X.loc[:, 'age'] = (X.loc[:, 'age'] - normalization[0]) / normalization[1]
X_ts.loc[:, 'age'] = (X_ts.loc[:, 'age'] - normalization[0]) / normalization[1]

X_dum = pd.get_dummies(X)
X_ts_dum = pd.get_dummies(X_ts)

In [None]:
# dummification
label_encoder = LabelEncoder()
integer_encoded = label_encoder.fit_transform(y.values.ravel())
y = integer_encoded.reshape(len(integer_encoded), 1)
integer_encoded_ts = label_encoder.fit_transform(y_ts.values.ravel())
y_ts = integer_encoded_ts.reshape(len(integer_encoded_ts), 1)

## Model implementation

In [None]:
opt = Adam(learning_rate=0.01)

# model definition
input = Input(len(X_dum.columns))
layer_1 = Dense(5, activation='relu')(input)
layer_2 = Dense(5, activation='relu')(layer_1)
output = Dense(1, activation='sigmoid')(layer_2)

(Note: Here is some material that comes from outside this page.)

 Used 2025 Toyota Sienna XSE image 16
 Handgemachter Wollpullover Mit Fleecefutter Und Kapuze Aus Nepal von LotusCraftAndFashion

model = Model(input, output)
model.compile(loss='binary_crossentropy',
          optimizer=opt,
          metrics=['accuracy'])
model.summary()

In [None]:
hist=model.fit(X_dum, 
               y,
               batch_size=64,
               epochs=5,
               validation_split=0.1,
               shuffle=True)

In [None]:
# model.save("titanic_DeepLearn_model")

In [None]:
hist.history.keys()

In [None]:
probabilities = model.predict(X_ts_dum)
fpr, tpr, _ = roc_curve(y_ts, probabilities)
auc = auc(fpr, tpr)
print("Max ROC:")
print(auc)

In [None]:
# register the classifier
mlflow.set_tracking_uri(registry_uri)
mlflow.set_experiment('NeuralNetwork')

with mlflow.start_run(run_name='forest_gump'):
    mlflow.log_metric("auc", auc)
    mlflow.keras.log_model(keras_model=model, artifact_path='', registered_model_name='neural_network')

In [None]:
predictions = np.where(probabilities > .5, 1, 0)
cm = confusion_matrix(y_true=y_ts, y_pred=predictions)

In [None]:
labels = ['Survivor', 'Dead']
disp = ConfusionMatrixDisplay(confusion_matrix=cm, display_labels=labels)
disp.plot()

In [None]:
def plot_curves(history):
  plt.figure()
  plt.xlabel('Épocas')
  plt.ylabel('Error')
  plt.plot(history['loss'])
  plt.plot(history['val_loss'])
  plt.legend(['Entrenamiento', 'Validación'])

  plt.figure()
  plt.xlabel('Épocas')
  plt.ylabel('Accuracy')
  plt.plot(history['accuracy'])
  plt.plot(history['val_accuracy'])
  plt.legend(['Entrenamiento', 'Validación'], loc='lower right')

plot_curves(hist.history)

In [None]:
plt.figure()
plt.plot(fpr, tpr, label='ROC curve (area = %0.2f)' % auc)
plt.plot([0, 1], [0, 1], linestyle='--')
plt.xlim([0.0, 1.0])
plt.ylim([0.0, 1.05])
plt.xlabel('False Positive Rate')
plt.ylabel('True Positive Rate')
plt.title('Receiver operating characteristic example')
plt.legend(loc="lower right")
plt.show()